Mexico has: (1) a law for broadcasting services from 1960 (Ley Federal de Radio y Television, hereinafter the “Broadcasting Law”) which governs radio and television broadcasting, both for commercial and for non-commercial purposes, having also provisions regarding content and programming, and (2) a law for other telecommunication services from 1995 (Ley Federal de Telecomunicaciones, successively referred to as the “Telecom Law”), which is based on a pro-competition scheme and that does not address any issues of content.

For the purposes of Mobile TV, the following table describes the differences between the Broadcasting Law and the Telecom Law.
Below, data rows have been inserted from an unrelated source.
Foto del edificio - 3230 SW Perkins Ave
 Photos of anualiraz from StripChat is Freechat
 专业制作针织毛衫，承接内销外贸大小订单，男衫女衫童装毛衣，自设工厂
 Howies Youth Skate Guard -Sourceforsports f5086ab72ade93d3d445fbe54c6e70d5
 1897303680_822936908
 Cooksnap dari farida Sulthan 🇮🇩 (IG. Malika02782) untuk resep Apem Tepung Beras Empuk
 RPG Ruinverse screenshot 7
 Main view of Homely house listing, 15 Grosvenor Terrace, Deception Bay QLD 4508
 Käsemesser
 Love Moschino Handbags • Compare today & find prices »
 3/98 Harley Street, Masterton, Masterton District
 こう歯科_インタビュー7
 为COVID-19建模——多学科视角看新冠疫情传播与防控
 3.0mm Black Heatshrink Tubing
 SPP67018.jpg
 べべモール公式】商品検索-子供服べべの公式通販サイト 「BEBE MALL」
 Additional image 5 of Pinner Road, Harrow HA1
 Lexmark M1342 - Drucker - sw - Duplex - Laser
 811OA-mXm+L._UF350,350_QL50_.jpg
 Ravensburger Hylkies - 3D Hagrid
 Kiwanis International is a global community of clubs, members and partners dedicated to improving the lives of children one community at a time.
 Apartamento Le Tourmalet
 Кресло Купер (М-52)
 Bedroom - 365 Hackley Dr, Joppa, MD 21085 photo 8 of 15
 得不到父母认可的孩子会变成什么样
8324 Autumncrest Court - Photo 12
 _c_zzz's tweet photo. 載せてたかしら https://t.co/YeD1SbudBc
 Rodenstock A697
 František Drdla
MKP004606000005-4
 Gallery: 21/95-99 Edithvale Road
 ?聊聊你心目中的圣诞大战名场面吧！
Broadcasting Law = Mexican
Telecom Law = Mexican

Foreign investment:
Broadcasting Law = Prohibited
Telecom Law = Up to 49%, except in cellular services that can go up to 100% with special approval.

Content regulation:
Broadcasting Law = Yes
Telecom Law = No

Broadcasting Law = Ministry of Communications (Secretaría de Comunicaciones y Transportes); Telecom regulator (Comisión Federal de Telecomunicaciones); Ministry of the Interior (Secretaría de Gobernación); For advertisement and content purposes on specific subjects, Ministry of Health (Secretaría de Salud), and Ministry of Education (Secretaría de Educación Pública);
Telecom Law = Ministry of Communications (Secretaría de Comunicaciones y Transportes), and Telecom regulator (Comisión Federal de Telecomunicaciones)
Authorization for additional services on the same frequencies of the original license:
Broadcasting Law = No, pursuant to Supreme Courts ruling.
Telecom Law = Additional services have been granted by the authorities, and will likely continue to do so.

It is important to note that the Broadcasting Law has not had any significant amendment except in the year 2006. The 2006 amendments were challenged before the Supreme Court of Justice and the most relevant parts of them were held unconstitutional, except for the public bid as the new process to follow for the granting of commercial radio and television broadcasting licenses. This Supreme Court´s ruling of 2007 has become a landmark , because –for the first time ever-, the Court made statements on several important aspects of broadcasting and spectrum in the light of the Mexican Constitution. These statements will certainly have an impact on Mobile TV if it is considered as a broadcasting service.

B. Market players

Historically, market players of broadcasting and of other telecommunication services were separated. Telecommunications liberalization in Mexico and technological convergence have facilitated the full entry of the main commercial television broadcasters (Televisa and TV Azteca) into the telecommunications market.

The relevant players for Mobile TV are:

 Commercial TV broadcasters. Televisa and TV Azteca are by far the leaders in commercial television broadcasting. Together both corporate groups represent 95% of the TV commercial licenses (Televisa with 56%, and TV Azteca with 39%) . Referring to the broadcasting sector, the Supreme Court in its ruling of 2007 acknowledged that “(…) it is a notorious fact that the current broadcasting licensees [concesionarios] have significant market power on free radio and television” .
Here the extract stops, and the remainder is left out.